<<<<

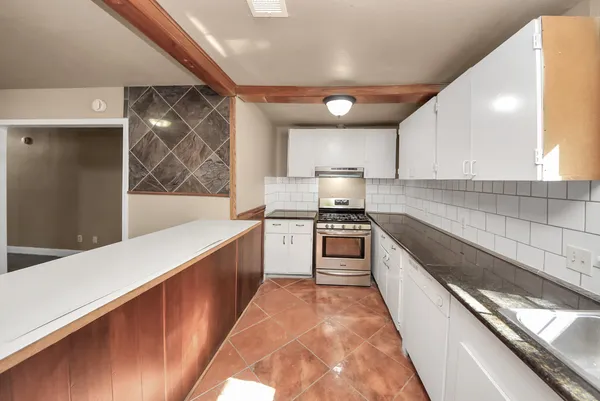 a kitchen with granite countertop white cabinets and white appliances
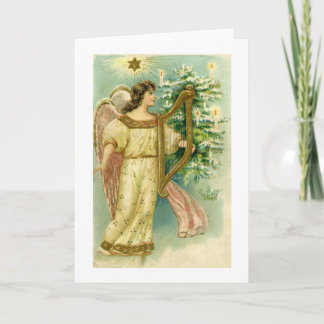 Festiva Ángel con la arpa en la tarjeta del árbol de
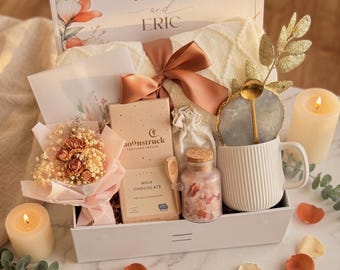 May include: A gift box with a cream-colored blanket, a mug, chocolate, a small bouquet, and a candle. The box is decorated with a bow and the words "Happy Engagement" and the names "Katie and Eric". The mug has a gold spoon and a decorative stone.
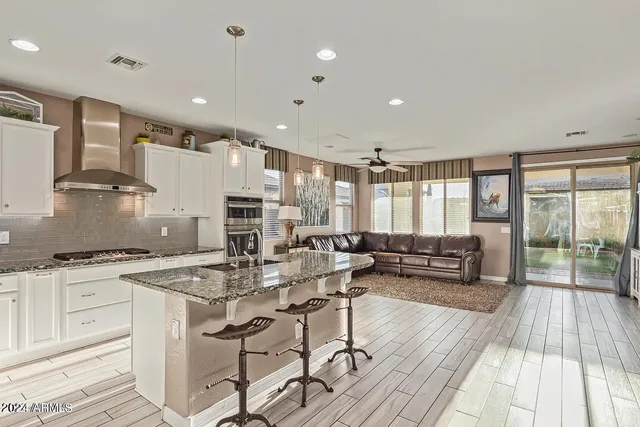 a kitchen with stainless steel appliances granite countertop a stove a sink dishwasher and a dining table with wooden floor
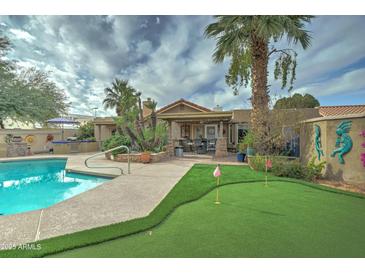 Spacious backyard oasis with a sparkling pool, putting green, and covered patio at 2131 W Ironwood Dr, Chandler, AZ 85224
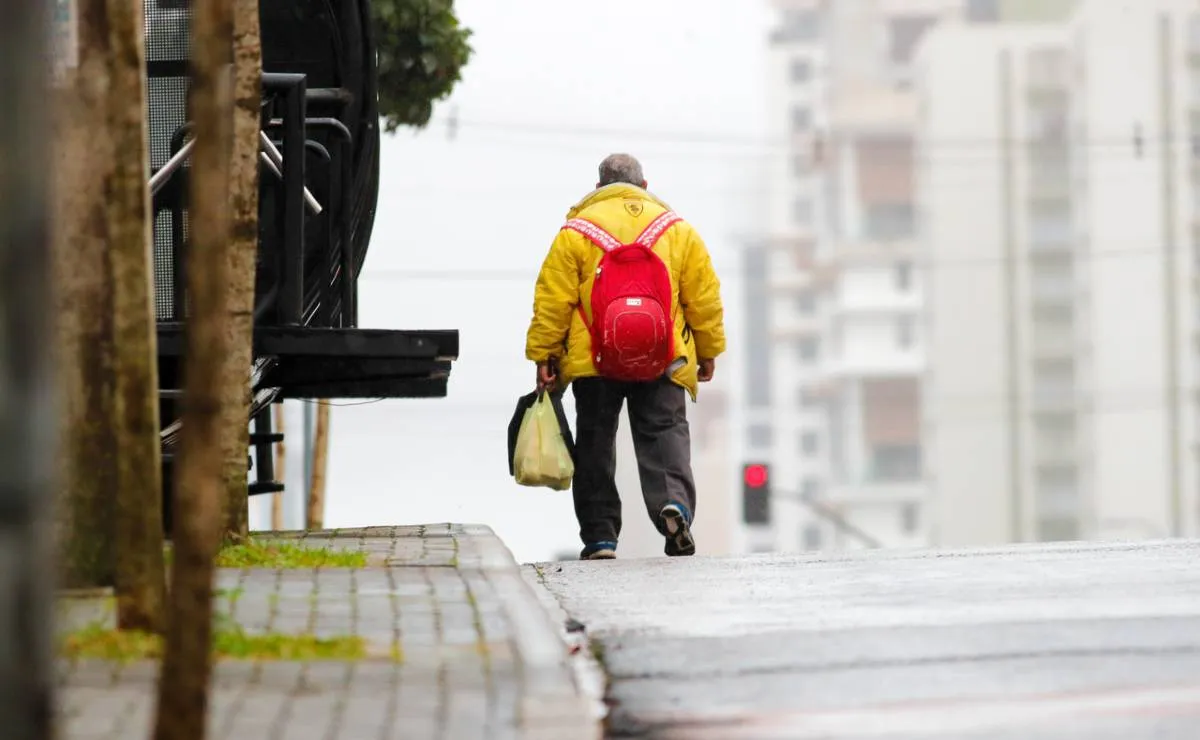 Homem vestindo jaqueta amarela para se proteger do frio em Curitiba.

>>>>

Leave the pictures out. Otherwise, output the listing above exactly.

 a kitchen with granite countertop white cabinets and white appliances
 Festiva Ángel con la arpa en la tarjeta del árbol de
 May include: A gift box with a cream-colored blanket, a mug, chocolate, a small bouquet, and a candle. The box is decorated with a bow and the words "Happy Engagement" and the names "Katie and Eric". The mug has a gold spoon and a decorative stone.
 a kitchen with stainless steel appliances granite countertop a stove a sink dishwasher and a dining table with wooden floor
 Spacious backyard oasis with a sparkling pool, putting green, and covered patio at 2131 W Ironwood Dr, Chandler, AZ 85224
 Homem vestindo jaqueta amarela para se proteger do frio em Curitiba.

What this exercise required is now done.